Menurutnya, penyaluran bantuan hibah punya batas-batas subjektif toleransi yang dapat dibenarkan dan bisa di terima.
"Jangan sampai seperti ini, ratusan juta berbanding puluhan juta. Tidak jelas ukurannya dan cenderung semaunya saja," katanya.
Ketua Fraksi Gerindra DPRD NTB ini mengingatkan Pemprov NTB bahwa keberimbangan dan keadilan ini penting, sebab semua lembaga penerima hibah memiliki hak yang sama dan tuntutan yang sama pula dari Pemerintah.
"Jadi jangan kemudian kewajiban dituntut sama, tapi (saat) berbicara hak-hak malah cenderung subjektif ukurannya. Ini kan tidak adil dan tidak berimbang," tegasnya.
Lebih jauh Farin memaparkan, dalam menentukan bantuan harus jelas term of reference dan juga indikator indikator output dan outcomenya.
"Bukan hanya memberikan berdasarkan like and dislike (suka atau tidak suka), atau bahkan berdasarkan pendukung ataupun bukan pendukung di zaman Pilkada," tegasnya.
Farin meminta, jajaran OPD atau Dinas terkait harus mampu memberikan penjelasan teknis terkait hal-hal tersebut.
"Jangan hanya retorika konsep dan program, karena ukuran pembangunan ini haruslah jelas, apa output atau outcome yang akan dicapai dari nilai bantuan ini?. Hal ini penting, sehingga NTB Gemilang yang digaung-gaungkan jangan berubah menjadi Kegalauan," tukas Farin.
APH Diminta Telurusi Dugaan Penyimpangan
Sementara itu, Lombok Global Institute (Logis) mendesak Aparat Penegak Hukum (APH) baik Kepolisian maupun Kejaksaan untuk menelusuri dugaan penyimpangan aliran Dana Hibah kepada Badan/Lembaga/Organisasi untuk Bidang Penyelenggaraan Pendidikan dan Kebudayaan di Provinsi NTB tahun 2019.
M Fihiruddin. |
Direktur Logis, M Fihiruddin mengungkapkan, selain tak tepat sasaran, dana bansos 2019 dengan total nilai mencapai Rp60 Miliar juga dinilai rancu terkait jumlah dana yang diterima sasaran.
"Ada ketidakwajaran terkait besaran dana masing-masing penerima hibah.
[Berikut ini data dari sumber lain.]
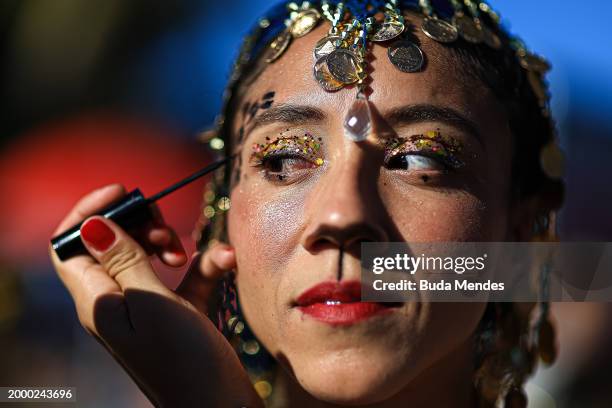 Reveller has her makeup done during the 'Amigos da Onça' street party on the second day of Carnival on February 10, 2024 in Rio de Janeiro, Brazil.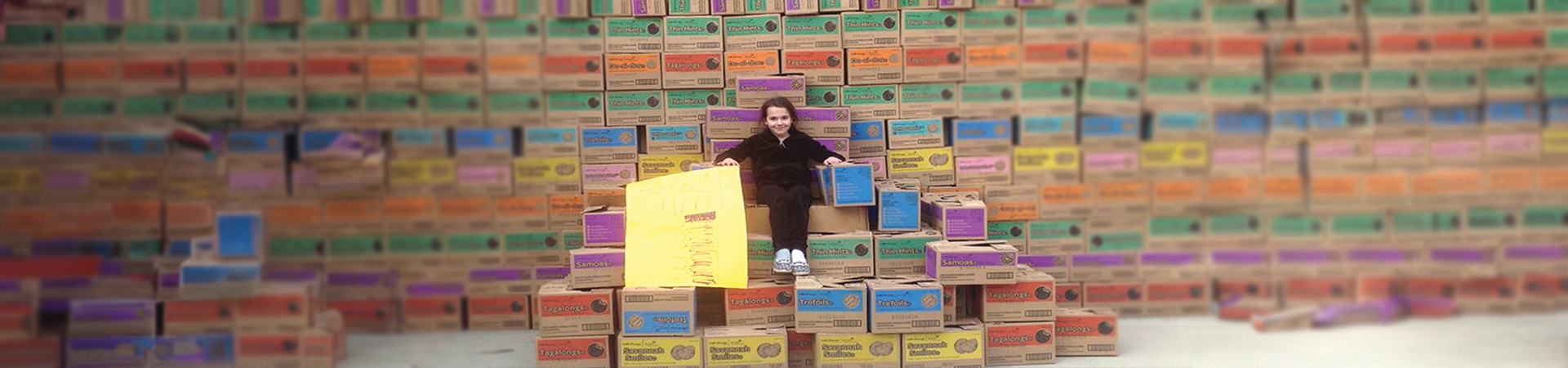  A young girl sitting on a throne made of Girl Scout Cookie cases in front of a wall of cookie cases 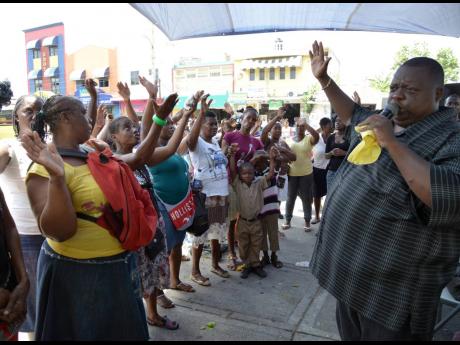 In this 2014 photo, Bishop Maurice Perrier, head of Fire Anointed Healing and Deliverance Ministries, preaches the gospel on the streets of downtown Kingston.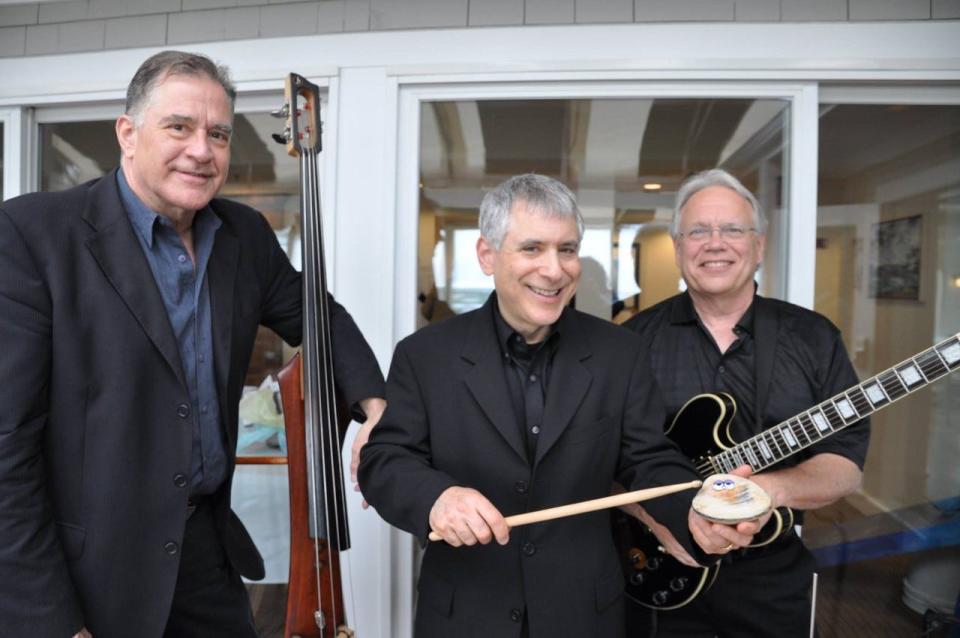 Drummer Bart Weisman, center, with his band (Steve Hambleton on guitar and Ron Ormsby on bass) will present a program on "A Century of Jazz" at the Cape Cod Museum of Art.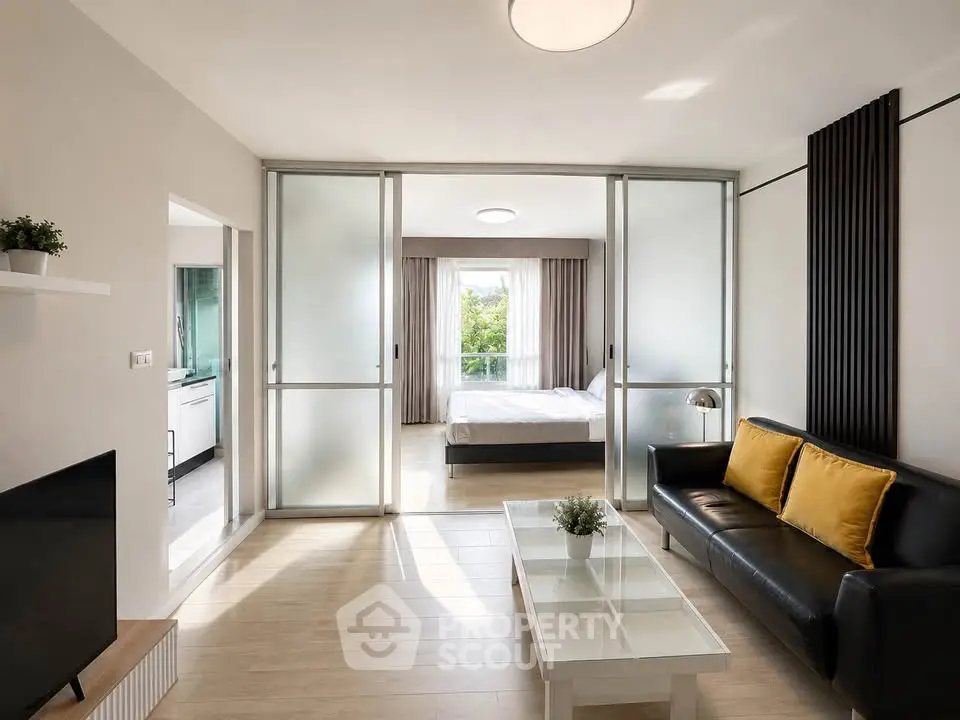 Modern living room with sliding doors leading to a bright bedroom, featuring sleek furniture and natural light.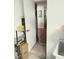 Hallway showing an open doorway with tiled floors at 11541 Orleans Ln, Port Richey, FL 34668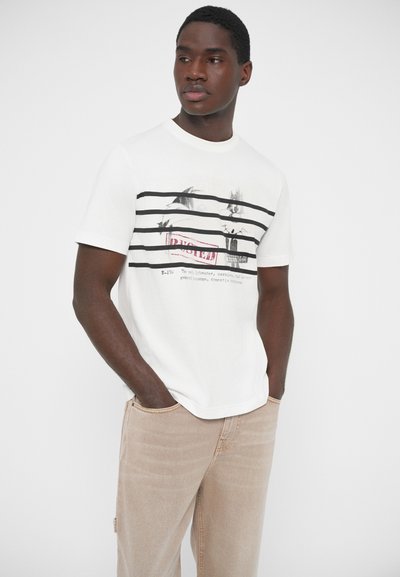 Λευκό βαμβακερό T-shirt με μαύρες οριζόντιες ρίγες και γραφικό σχέδιο. Λαιμόκοψη τύπου crew, χαλαρή εφαρμογή, συνδυασμένο με ανοιχτό μπεζ παντελόνια.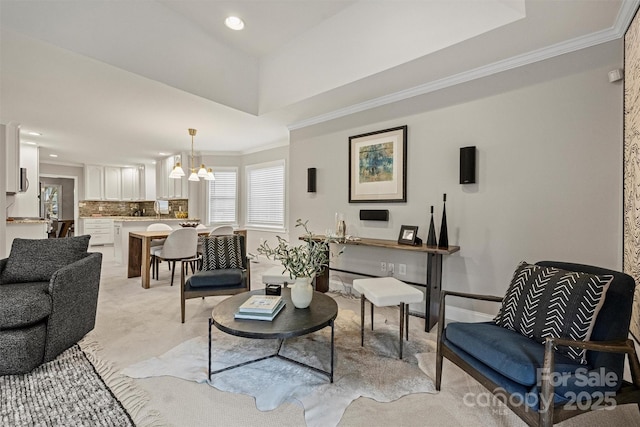 living room with light carpet, a chandelier, a tray ceiling, and ornamental molding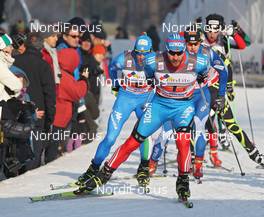 15.01.2012, Milano, Italy (ITA): group, in front Alexei Petukhov (RUS), Fischer, Fischer, Rottefella, Swix, Adidas, behind David Hofer (ITA), Fischer, Rottefella  - FIS world cup cross-country, team sprint, Milano (ITA). www.nordicfocus.com. © Hemmersbach/NordicFocus. Every downloaded picture is fee-liable.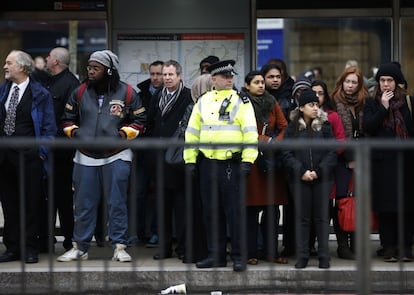 A police officer helps commuters to board buses during London Underground strikes at Kings Cross underground station in London February 6, 2014. Millions of commuters faced a second day of travel chaos on Thursday due to a 48-hour strike by London Underground workers angry over ticket office closures and job cuts, with no sign of an end to the standoff between unions and rail bosses.  REUTERS/Olivia Harris (BRITAIN - Tags: BUSINESS EMPLOYMENT TRANSPORT CIVIL UNREST)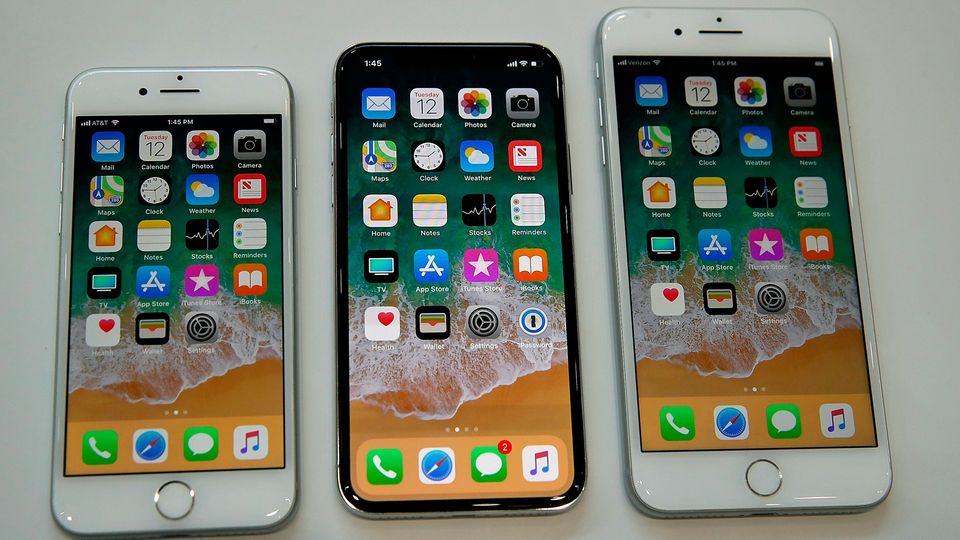 iPhone X, iPhone 8 und iPhone 8 Plus liegen nebeneinander auf einem Präsentationstisch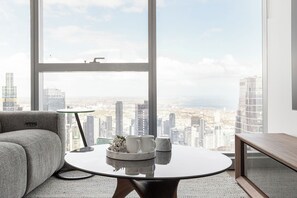 A modern living room with a large window, a round table with a tray of white cups, and a grey sofa. - Sky High 2BR With Spectacular City Views (Melbourne)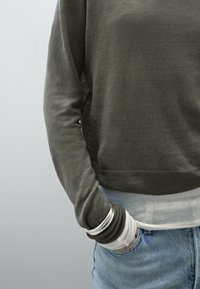 Maglione grigio a maglia con scollo a girocollo, tessuto testurizzato e orlo a coste, indossato sopra una camicia bianca a maniche lunghe, abbinato a jeans in denim blu.
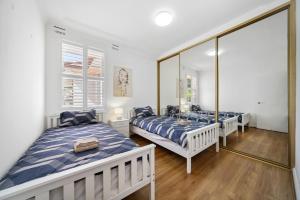 two beds in a room with mirrors at Fairlight Luxe Escape 4BR with Parking in Killara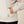 Close up view of a person putting their hand into the pocket of a shirt and have a brand tag right below the pocket.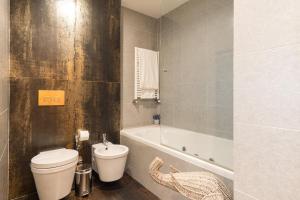 a bathroom with a toilet and a bath tub at GuestReady - Freixo lux with Douro River view in Porto +20 photos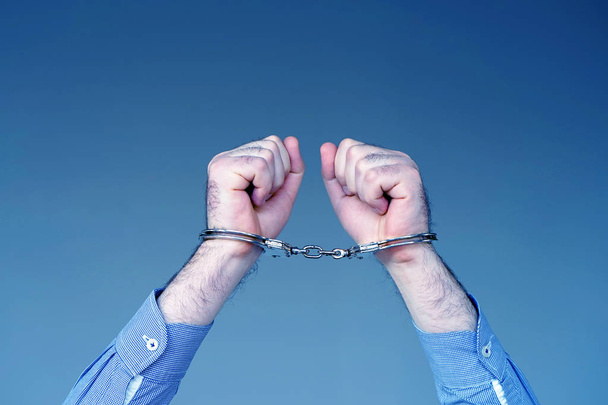 Criminal hands locked in handcuffs. Close-up view - Photo, Image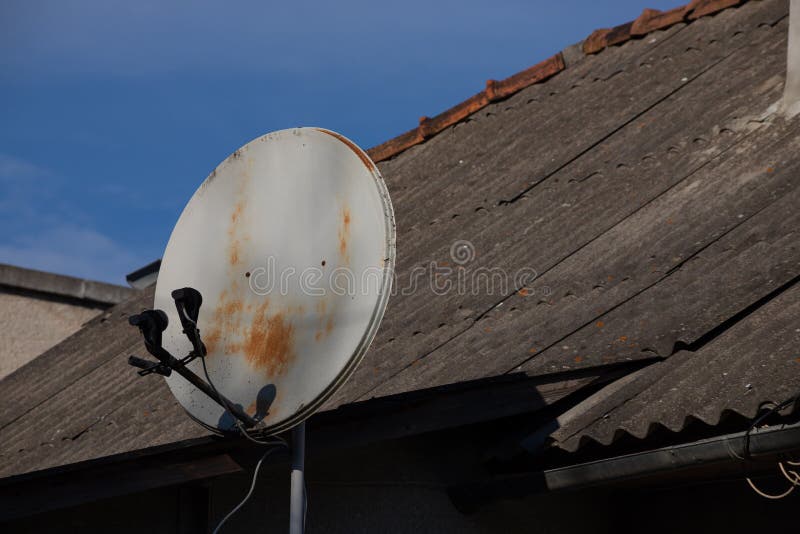 TV Satellite Parabolic Antenna Attached To the Wall of the House Stock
Dan jumlah selisih perbedaannya sangat mencurigakan," kata Fihiruddin.
Ia mencontohkan, ada sebuah komunitas pendidikan yang mendapatkan dana bantuan hibah hingga mencapai Rp900 juta, sementara komunitas lainnya rata-rata hanya mendapatkan dana masing-masing Rp75 Juta sampai Rp100 Juta.
Selain itu ada juga lembaga pendidikan setingkat SMP yang mendapatkan hingga Rp1 Miliar, sedangkan lainnya hanya berkisar Rp75 juta hingga Rp100 juta.
"Ini tidak wajar. Disini jelas harus dipertanyakan adalah mekanisme dan dasar penentuan jumlah besaran bantuan?," tegas Fihir.
Fihir menekankan, perbedaan jumlah dana hibah yang berbeda dalam margin yang diduga tidak wajar, menimbulkan indikasi penyimpangan.
"Hal ini juga menunjukan bahwa Gubernur dan Wakil Gubernur NTB pilih kasih dalam memberikan bantuan," tegasnya.
Lebih dari itu, papar Fihir, Logis mengkhawatirkan dugaan aliran dana hibah ini tidak tepat sasaran dan digunakan salah pemanfaatan.
Untuk mencegah terjadinya korupsi yang merugikan keuangan daerah, maka ia mendesak Kepolisian dan Kejaksaan untuk menelusuri masalah ini.
Dikonfirmasi terpisah, Kepala Dinas Pendidikan dan Kebudayaan Provinsi NTB, H Rusman SH MH menjelaskan, mekanisme penyaluran dan besaran dana hibah dilakukan berdasarkan Pergub Nomor 21 Tahun 2017 Tentang Pedoman Pengelolaan Belanja Hibah dan Bantuan Sosial, serta perubahannya di Pergub Nomor 4 Tahun 2018.
H Rusman SH MH. |
Menurut Rusman, setiap OPD termasuk Dinas Pendidikan dan Kebudayaan, sesuai tupoksi hanya menerima proposal hibah bansos yang masuk.
"Kemudian proposal disampaikan ke Tim Anggaran Pemerintah Daerah (TAPD) untuk penganggarannya. Kalau sudah lengkap maka dikaji dan ditetapkan," katanya.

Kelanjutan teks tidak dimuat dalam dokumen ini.